Basically it listens for user selected protocol requests (TCP/UDP) and then forwards them to Burp Suite (or any other tool, if you want to) just like they're HTTP requests. All this by setting a proxy, and Burp Suite will listen to that proxy IP/Port.

However, what I need to do is listening to a website which sends TCP packets, so I should see HTTP/HTTPS requests too. This is what I tried:

sudo python mitm_relay.py -l 0.0.0.0 -p 127.0.0.1:8081 -r tcp:80:example.com:80

where 0.0.0.0 listens to any local interface, proxy listener has been set to 127.0.0.1:8081 and example.com hostname will be converted to his IP address I will send TCP packets to (port set to 80).

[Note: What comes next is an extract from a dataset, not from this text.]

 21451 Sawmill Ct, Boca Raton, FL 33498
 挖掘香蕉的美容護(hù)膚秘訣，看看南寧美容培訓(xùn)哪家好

However, I've set my default Firefox proxy to 127.0.0.1:8081 and when I navigate to example.com I can't see any packet being sniffed under my terminal.

Also this is not an HTTP request, so I've generated my server.pem and server.key just exactly it's been described here:

~/mitm_relay/ $ ls | grep -iE 'ca|ser'
cacert.cer
cacert.pem
cacert.srl
cakey.cer
cakey.pem
server.csr
server.key
server.pem

(those are all generated files through those commands).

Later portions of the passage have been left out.